Yes, that same Hofmann who named alkanes practically as we know them now. Curiously, in his paper [4] he mentions “aromatic acids”^† as if the term needed no explanation whatsoever.

Not all annulenes are aromatic. Apart from benzene, [14]-, [18]-, and [22]annulenes are shown to be aromatic, while [4]annulene is antiaromatic. On the other hand, both cyclopentadienide (g) and tropylium (h) ions have six π-electrons and thus are isoelectronic with benzene. Their respective PINs, however, slavishly describe the structures in terms of localised bonds and charges. On top of that, the carbon atom that formally acquires a charge is assigned the locant number ‘1’, thus prompting renumbering of double bond locants: cyclopenta-1,3-diene → cyclopenta-2,4-dienide; cyclohepta-1,3,5-triene → cyclohepta-2,4,6-trienylium. The alternative names [5]annulenide and [7]annulenium are much shorter.

(g)	(h)

C5H5− cyclopenta-2,4-dienide (PIN) [5]annulenide C7H7+ cyclohepta-2,4,6-trienylium (PIN) tropylium (trivial) [7]annulenium

Gold Book defines arenes as

Monocyclic and polycyclic aromatic hydrocarbons.

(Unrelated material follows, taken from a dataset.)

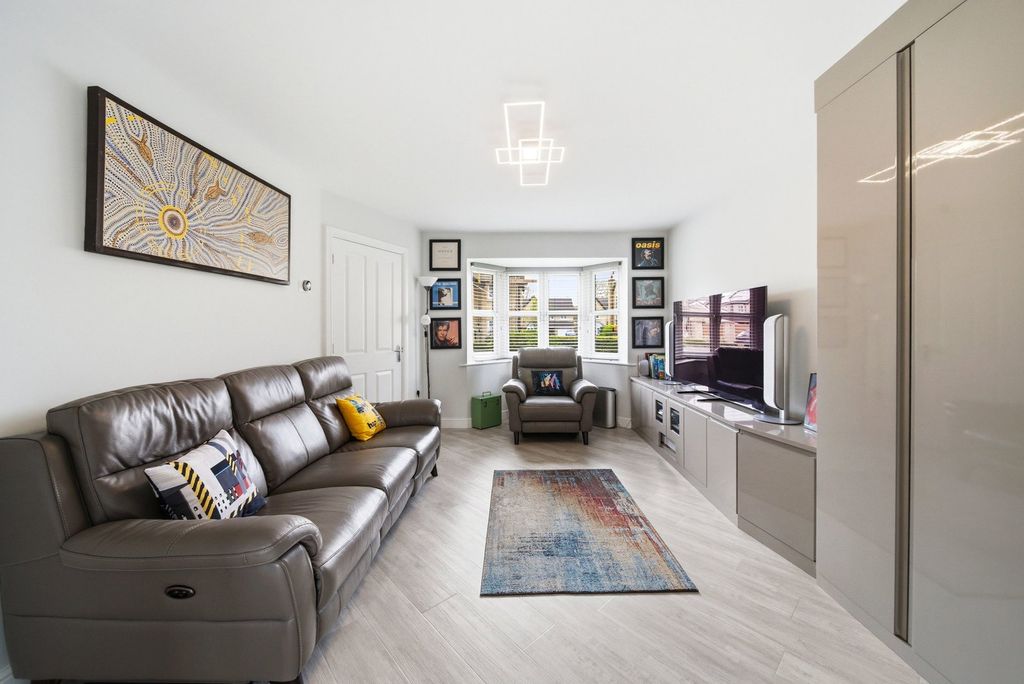 Property photo 3 of 41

Benzene is often thought of as the simplest arene, although the simpler cyclopropenylium C₃H₃⁺ and cyclopentadienide C₅H₅⁻ ions are also aromatic hydrocarbons. In any case, benzene is the simplest (neutral) arene molecule.

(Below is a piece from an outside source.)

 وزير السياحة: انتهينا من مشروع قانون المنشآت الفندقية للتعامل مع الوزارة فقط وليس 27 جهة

In higher annulenes, an additional problem arises as there could be quite a number of cis/trans isomers. For instance, the variants on [18]annulene (a) theme include structures (g) and (h), with accordingly unwieldy systematic names.

(g)	(h)

(1E,3Z,5E,7E,9Z,11E,13E,15Z,17E)-cyclooctadeca-1,3,5,7,9,11,13,15,17-nonaene (1Z,3E,5E,7E,9Z,11Z,13E,15E,17E)-cyclooctadeca-1,3,5,7,9,11,13,15,17-nonaene

*	We also can use ‘[n]annulenyl’ for odd-numbered groups if we can’t (or don’t want to) specify attachment points.
†	Hofmann’s list of “monobasic aromatic acids” [4] includes benzoic acid, toluylic acid (now toluic acid) and cuminic acid (now cumic acid), while “bibasic” ones include phthalic acid, terephthalic acid and the titular “insolinic acid” which could be either methylterephthalic acid, 5-methylisophthalic acid (uvitic acid) or 4-methylphthalic acid.

References

1. Sondheimer, F. and Wolovsky, R. (1962) Unsaturated macrocyclic compounds. XXI. The synthesis of a series of fully conjugated macrocyclic polyene-polyynes (dehydro-annulenes) from 1,5-hexadiyne. Journal of the American Chemical Society 84, 260—269.
2. Sondheimer, F. (1971) Recent progress in the annulene field. Pure and Applied Chemistry 28, 331—354.
3. Connelly, N.G., Hartshorn R.M., Damhus, T. and Hutton, A.T. Nomenclature of Inorganic Chemistry: IUPAC Recommendations 2005. Royal Society of Chemistry, Cambridge, 2005.
4. Hofmann, A.W. (1856) On insolinic acid. Proceedings of the Royal Society VIII, 1—3.